Poisson binomial distribution

The probability of having k successful trials out of a total of n can be written as the sum ^[1]

${\displaystyle \Pr(K=k)=\sum \limits _{A\in F_{k}}\prod \limits _{i\in A}p_{i}\prod \limits _{j\in A^{c}}(1-p_{j})}$ 

where ${\displaystyle F_{k}}$  is the set of all subsets of k integers that can be selected from ${\displaystyle \{1,2,3,...,n\}}$ . For example, if n = 3, then ${\displaystyle F_{2}=\left\{\{1,2\},\{1,3\},\{2,3\}\right\}}$ . ${\displaystyle A^{c}}$  is the complement of ${\displaystyle A}$ , i.e. ${\displaystyle A^{c}=\{1,2,3,\dots ,n\}\setminus A}$ .

${\displaystyle F_{k}}$  will contain ${\displaystyle n!/((n-k)!k!)}$  elements, the sum over which is infeasible to compute in practice unless the number of trials n is small (e.g. if n = 30, ${\displaystyle F_{15}}$  contains over 10²⁰ elements). However, there are other, more efficient ways to calculate ${\displaystyle \Pr(K=k)}$ .

As long as none of the success probabilities are equal to one, one can calculate the probability of k successes using the recursive formula ^{[2] [3]}

${\displaystyle \Pr(K=k)={\begin{cases}\prod \limits _{i=1}^{n}(1-p_{i})&k=0\\{\frac {1}{k}}\sum \limits _{i=1}^{k}(-1)^{i-1}\Pr(K=k-i)T(i)&k>0\\\end{cases}}}$ 

where

${\displaystyle T(i)=\sum \limits _{j=1}^{n}\left({\frac {p_{j}}{1-p_{j}}}\right)^{i}.}$ 

The recursive formula is not numerically stable, and should be avoided if ${\displaystyle n}$  is greater than approximately 20.

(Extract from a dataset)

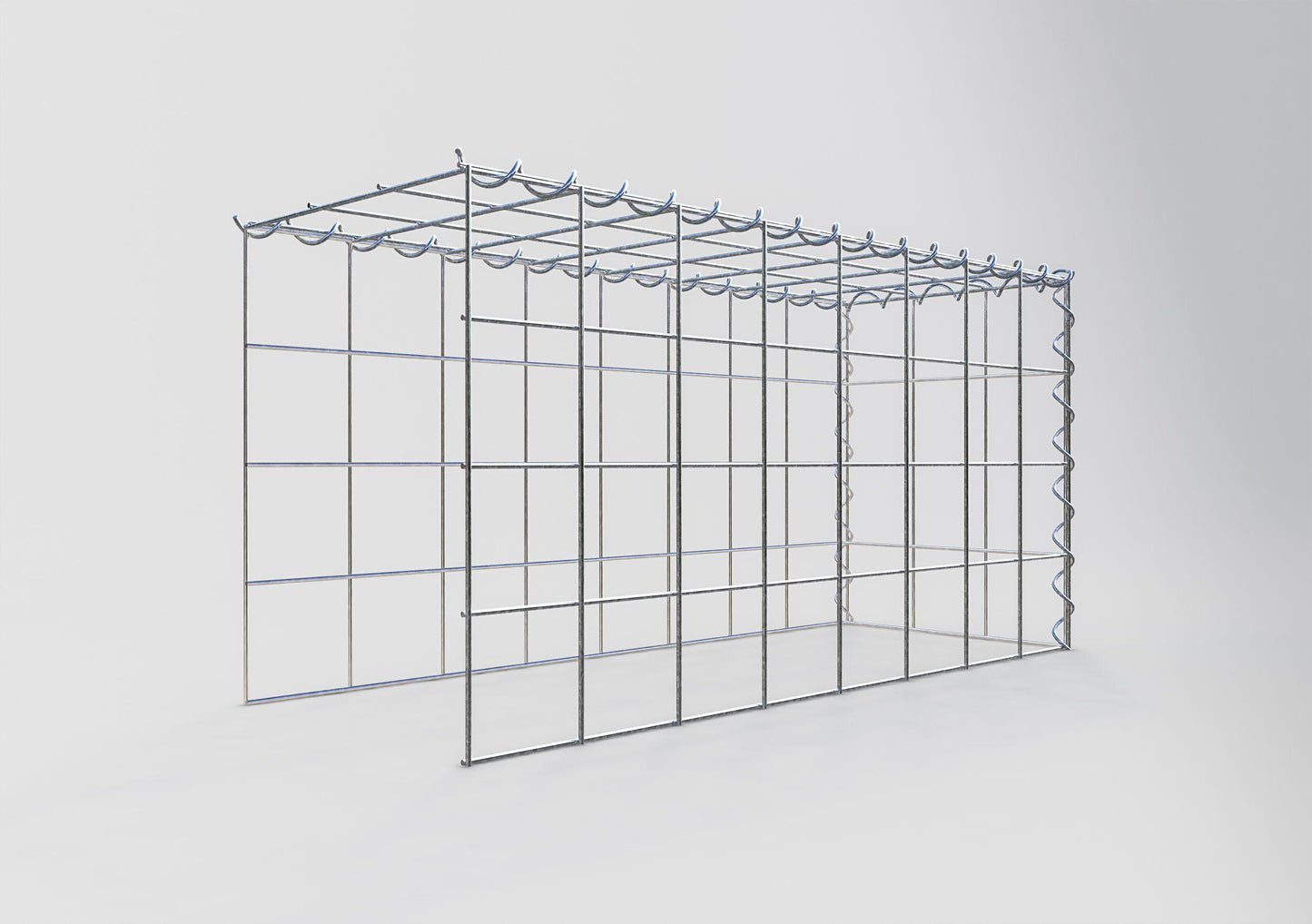 Anbaugabione Typ 4 80 cm x 40 cm x 30 cm (L x H x T), Maschenweite 10 cm x 10 cm, Spirale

An alternative is to use a divide-and-conquer algorithm: if we assume ${\displaystyle n=2^{b}}$  is a power of two, denoting by ${\displaystyle f(p_{i:j})}$  the Poisson binomial of ${\displaystyle p_{i},\dots ,p_{j}}$  and ${\displaystyle *}$  the convolution operator, we have ${\displaystyle f(p_{1:2^{b}})=f(p_{1:2^{b-1}})*f(p_{2^{b-1}+1:2^{b}})}$ .

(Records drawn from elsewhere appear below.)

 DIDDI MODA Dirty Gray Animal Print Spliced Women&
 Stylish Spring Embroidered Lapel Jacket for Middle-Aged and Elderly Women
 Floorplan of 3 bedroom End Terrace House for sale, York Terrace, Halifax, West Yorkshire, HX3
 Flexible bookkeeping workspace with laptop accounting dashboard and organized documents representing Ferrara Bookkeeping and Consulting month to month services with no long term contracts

More generally, the probability mass function of a Poisson binomial can be expressed as the convolution of the vectors ${\displaystyle P_{0},\dots ,P_{n}}$  where ${\displaystyle P_{i}=[1-p_{i},p_{i}]}$ . This observation leads to the Direct Convolution (DC) algorithm for computing ${\displaystyle \Pr(K=0)}$  through ${\displaystyle \Pr(K=n)}$ :

// PMF and nextPMF begin at index 0
function DC(${\displaystyle p_{1},\dots ,p_{n}}$ ) is 
     declare new PMF array of size 1
     PMF[0] = [1]
     for i = 1 to ${\displaystyle n}$  do 
          declare new nextPMF array of size i + 1
          nextPMF[0] = (1 - ${\displaystyle p_{i}}$ ) * PMF[0]
          nextPMF[i] = ${\displaystyle p_{i}}$  * PMF[i - 1]
          for k = 1 to i - 1 do
               nextPMF[k] = ${\displaystyle p_{i}}$  * PMF[k - 1] + (1 - ${\displaystyle p_{i}}$ ) * PMF[k]
          repeat
          PMF = nextPMF
     repeat
     return PMF
end function

${\displaystyle \Pr(K=k)}$ will be found in PMF[k]. DC is numerically stable, exact, and, when implemented as a software routine, exceptionally fast for ${\displaystyle n\leq 2000}$ . It can also be quite fast for larger ${\displaystyle n}$ , depending on the distribution of the ${\displaystyle p_{i}}$ .^[4]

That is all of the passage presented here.